What do you do when you so badly want to just drive away into the sunset? Or maybe not the sunset, since it's the morning and you don't even want to wait until evening and a sunset....just drive away into the now, the next town, the unknown---as long as it's away from the dark that you feel and the hurt. You ignore it, I think. You work out and work off the tears that you cried, sitting in your car in the morning, and you temporarily feel better and determined, even, to smooth over the fissures, the pieces that are showing cracks, and to act normal. You determine to find a place of calm, of numbness if that's what it takes to be able to hug your young children who still need you and love you and depend on you to be there; to be able to speak in calmness to them, nothing betraying the storm brewing within, continuing to help them find their clothes in the morning, help them get to school, help them with their homework, put some sort of supper together, drive them to practice....all the things that keep life normal. You determine to cling to that place of calm, or of numbness, in order to be polite and unemotional when dealing with your teenager who has told you several times--in direct and indirect ways--that he doesn't like you, that your rules are stupid, that you're basically ineffectual as a parent.
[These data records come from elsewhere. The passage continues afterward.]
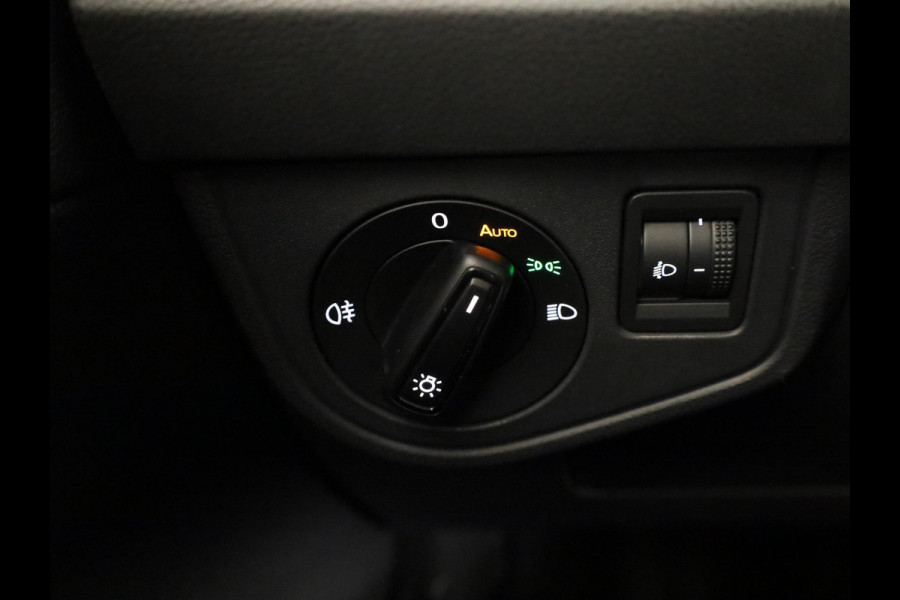 Volkswagen Polo 1.0 TSI Life 95 pk | Navigatie via App | Panoramadak | 17" LM velgen | Parkeersensoren | Adaptieve cruise control | LED koplampen | Stoelverwarming |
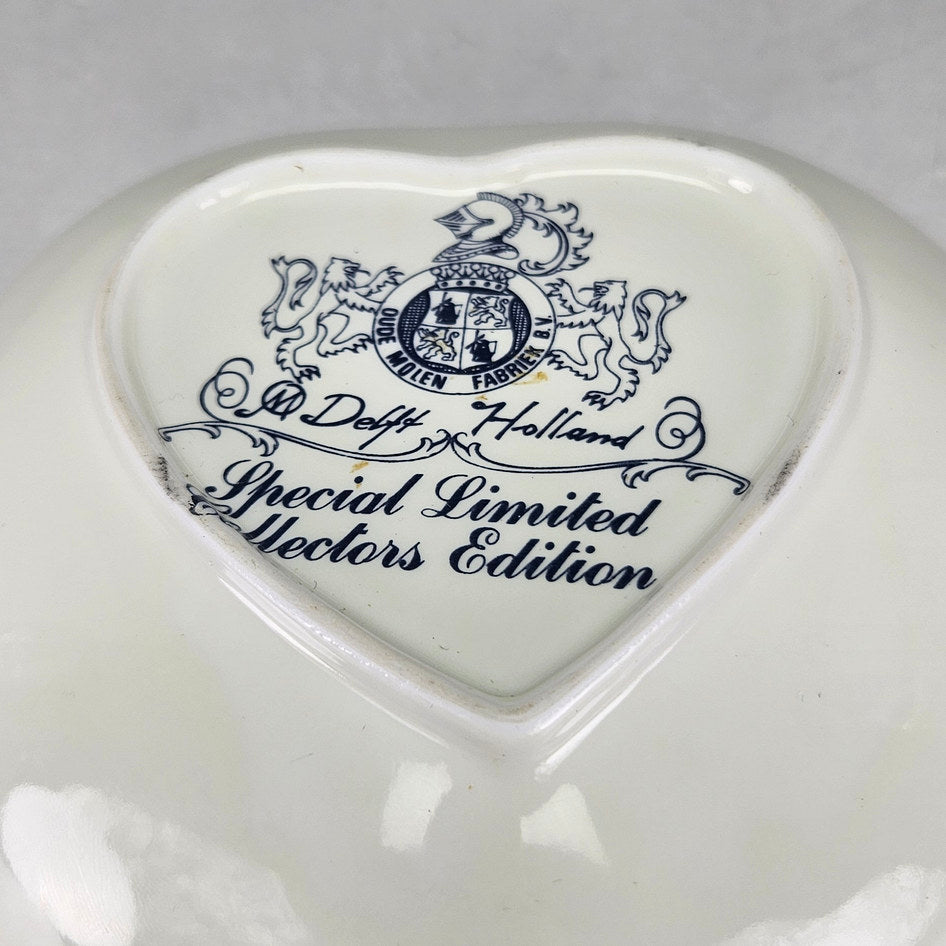 Oude Molen Fabriek Blue and White Floral Heart-Shaped Dish, product view 6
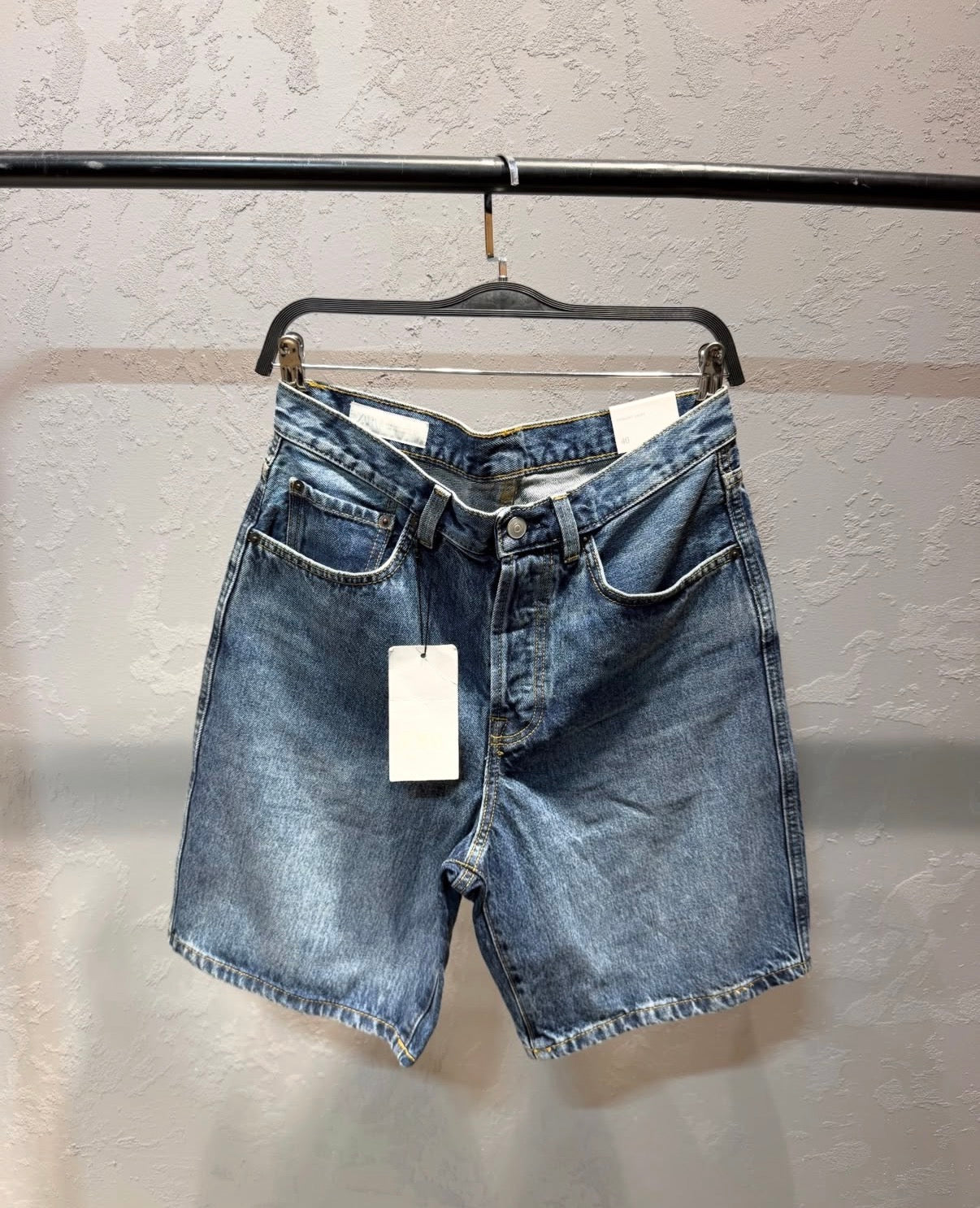 PULL&BEAR Relaxed Fit Denim Shorts – Washed Light Blue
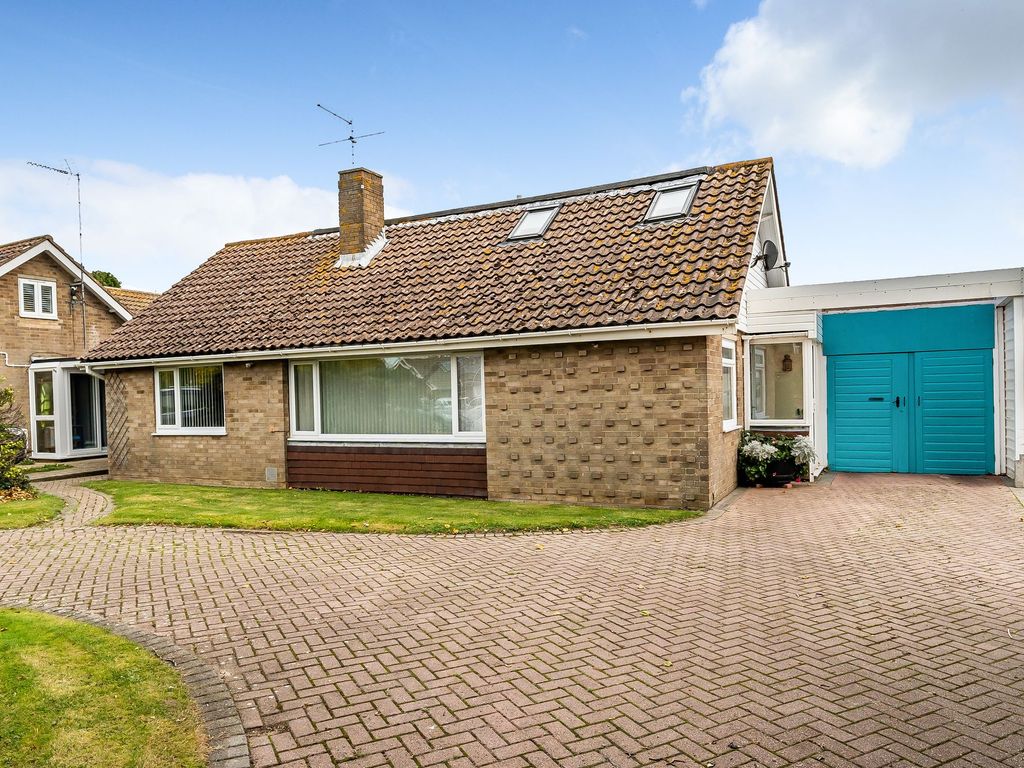 3 bed detached house for sale in Harbour View Road, Pagham, Bognor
If it didn't echo your own worst fears, maybe you would be able to separate yourself from this obvious teenage angst, shelve it in the round file, and move on. But the echoes are loud. And after months and months and maybe even years of battling passive aggression, not-so-passive aggression, rudeness, scorn, disgust, dislike, disrespect from someone who you've spent untold, countless hours and years serving, helping, grieving over, stressing over, lying awake at night wondering the best next possible move---all with his ultimate happiness in mind---you start to notice the cracking in the facade. You finally can't stem the tears that come unexpected at all times of the day. You hear the echoes that confirm your worst fears: you never parented him well or even right--in his youngest, most formative years, alone and inexperienced and self-absorbed, you did it all wrong. And this,
this, is the consequence. Payback. Justice.
Add this to the recent disappointments in your life, the other losses, and you feel like you can almost
hear normal giving way to grief, you can
hear the cracks as they form. And you wish you could drive and drive, be alone to regroup and to remember all the
good: the wonderful, smart, handsome, unfailingly loving husband you have; bright and lively young children who tell you daily in some way or another that you're the greatest mom in the world---an assertion that hurts, almost, because you know it not to be true but you're indebted to them for their belief in that; faithful parents who you now understand you probably and likely hurt as deeply as your own child does you; an unshakable faith in the creator of all things that will ultimately shore you up and keep you on your feet when every instinct is to lay down and never move again; a life that most people in this world would gladly live if only given the chance; a life better and easier than what so many are living. And even, finally, remembering that the good includes a son on the cusp of adulthood, battling demons and unhappiness within himself, who has many many wonderful qualities....and just hoping that time will mature what needs to grow, heal what is broken, and refine the gold that's there.
What you do when you can't just drive away is you cry and get it out, at least some of it, remember all you have to be thankful for and move on. It's life, right? The good and the bad, the tears and the laughter----and those trite things we know to be true. Just life.